__RECORDS FOR THE EXERCISE__

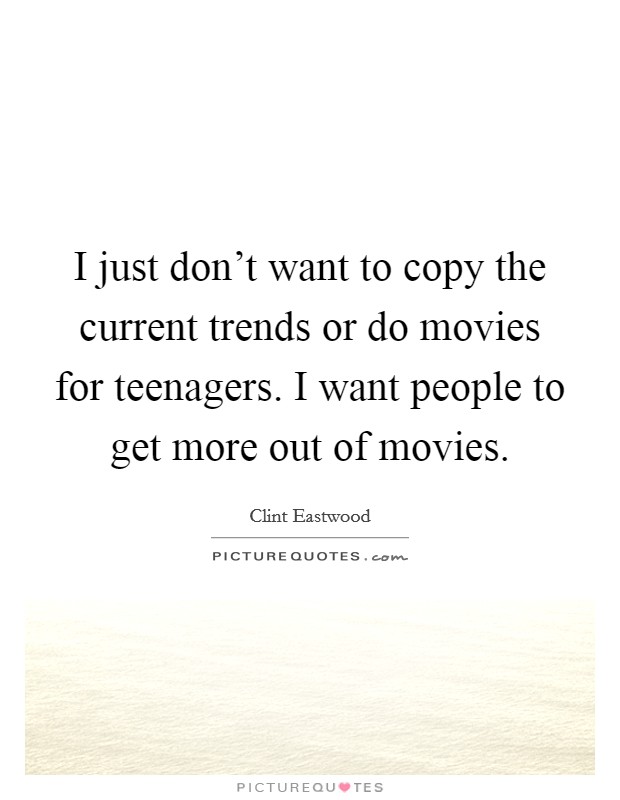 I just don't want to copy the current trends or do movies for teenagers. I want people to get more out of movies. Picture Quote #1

---

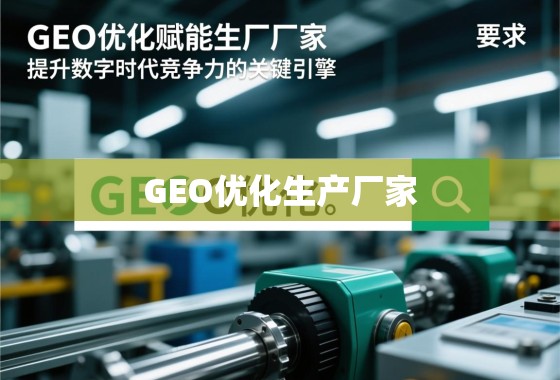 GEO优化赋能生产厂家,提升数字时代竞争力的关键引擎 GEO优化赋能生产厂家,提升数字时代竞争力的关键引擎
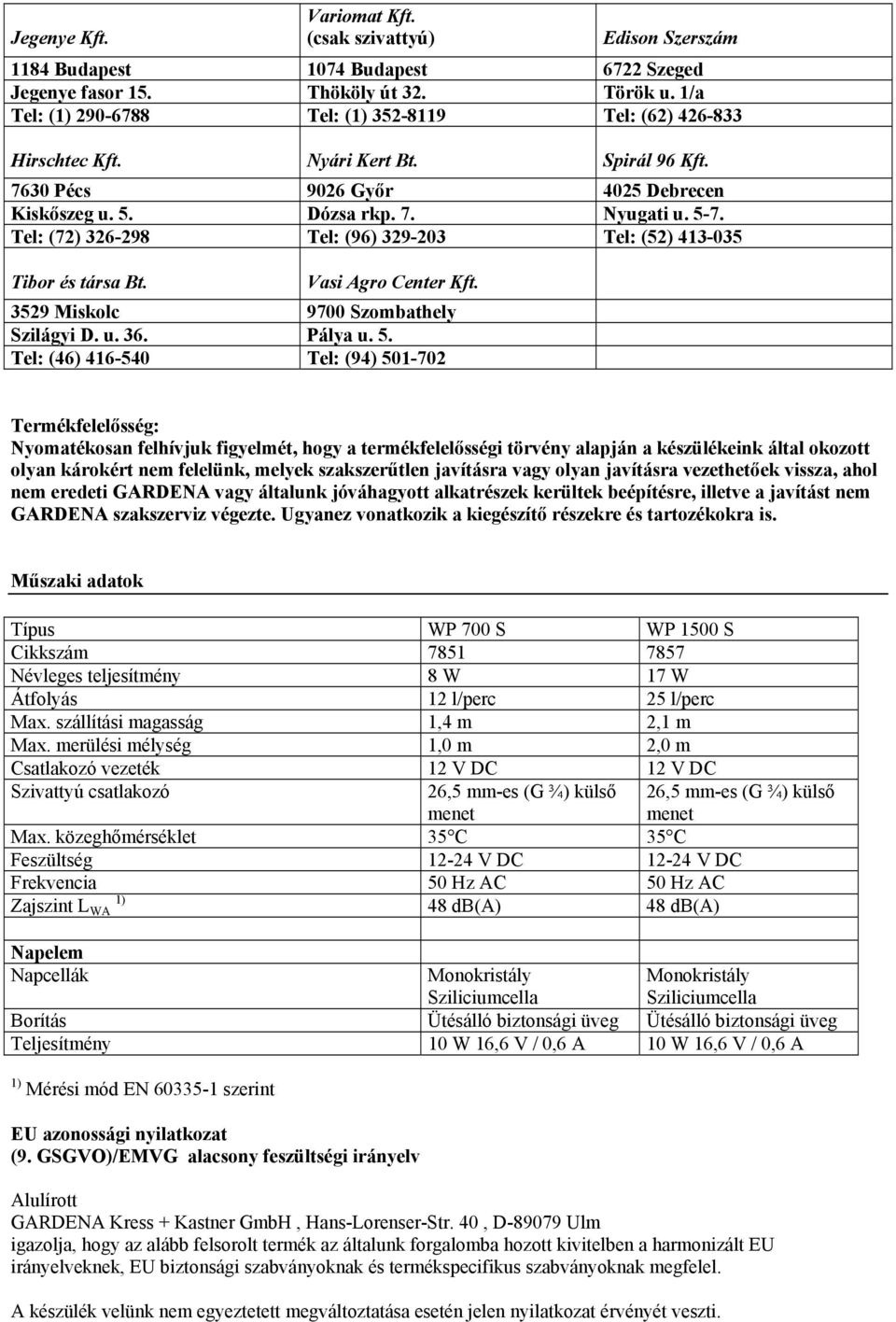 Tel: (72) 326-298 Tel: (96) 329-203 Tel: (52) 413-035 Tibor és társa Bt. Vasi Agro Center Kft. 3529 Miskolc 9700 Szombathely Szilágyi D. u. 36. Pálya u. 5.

__ACTIVITY__
The stretch to restate runs from the line above containing "GEO优化赋能生产厂家,提升数字时代竞争力的关键引擎 G" through the line containing "Tel: (72) 326-298". Copy it word for word, ends included, without pictures.

__RESPONSE TO THIS EXERCISE__
 GEO优化赋能生产厂家,提升数字时代竞争力的关键引擎 GEO优化赋能生产厂家,提升数字时代竞争力的关键引擎
 Tel: (72) 326-298 Tel: (96) 329-203 Tel: (52) 413-035 Tibor és társa Bt. Vasi Agro Center Kft. 3529 Miskolc 9700 Szombathely Szilágyi D. u. 36. Pálya u. 5.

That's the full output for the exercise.